Depuis le déclenchement du conflit en Iran fin février, les marchés pétroliers n'ont pas connu une seule séance de répit. Le baril de Brent s'établissait ce lundi matin autour de 115 dollars, soit une progression de 42% en un peu plus d'un mois. À la pompe, les automobilistes trinquent. Dès ce mardi 31 mars 2026, le SPF Économie officialise un prix maximal du Diesel à 2,333 euros/l, soit 17 centimes de plus qu'aujourd'hui (le litre était redescendu à 2,16 euros/l après être monté à 2,28 euros/l). Le précédent record absolu datait de mars 2022, à 2,286 euros. Il est pulvérisé. L'essence 95 atteint de son côté 1,92 euro, en hausse de 5,7 centimes. Elle ne franchit pas son record historique de 2,155 euros de juin 2022.
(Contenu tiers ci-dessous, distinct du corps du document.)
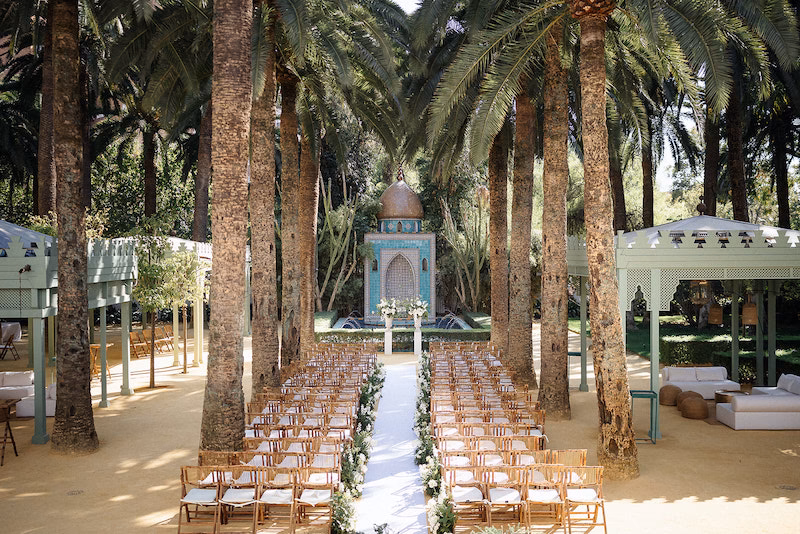 An elegant destination wedding at Villa Luisa, Seville. 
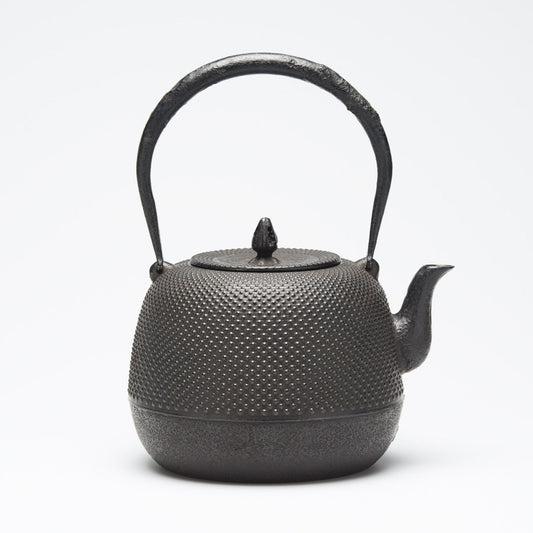 リサイクル南部鉄瓶 棗型 1.8L 霰模様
Où cela va-t-il s’arrêter ?
La banque Macquarie estime à 40% la probabilité d'un baril à 200 dollars si le détroit d'Ormuz restait fermé jusqu'en juin. Dans ce scénario, les calculs réalisés par Gocar.be sur la base de la structure tarifaire actuelle donnent un Diesel à environ 3,24 euros le litre et une essence à 2,50 euros. Parcourir 100 km avec une voiture Diesel coûterait alors 17,82 euros. L'autre scénario, jugé probable à 60%, table sur une résolution du conflit avant la fin du trimestre. Le calendrier diplomatique reste donc le seul vrai compteur à surveiller. Mais on ne peut pas dire que les choses aillent dans le bon sens avec les interventions ponctuelles annoncées par Trump sur le sol iranien.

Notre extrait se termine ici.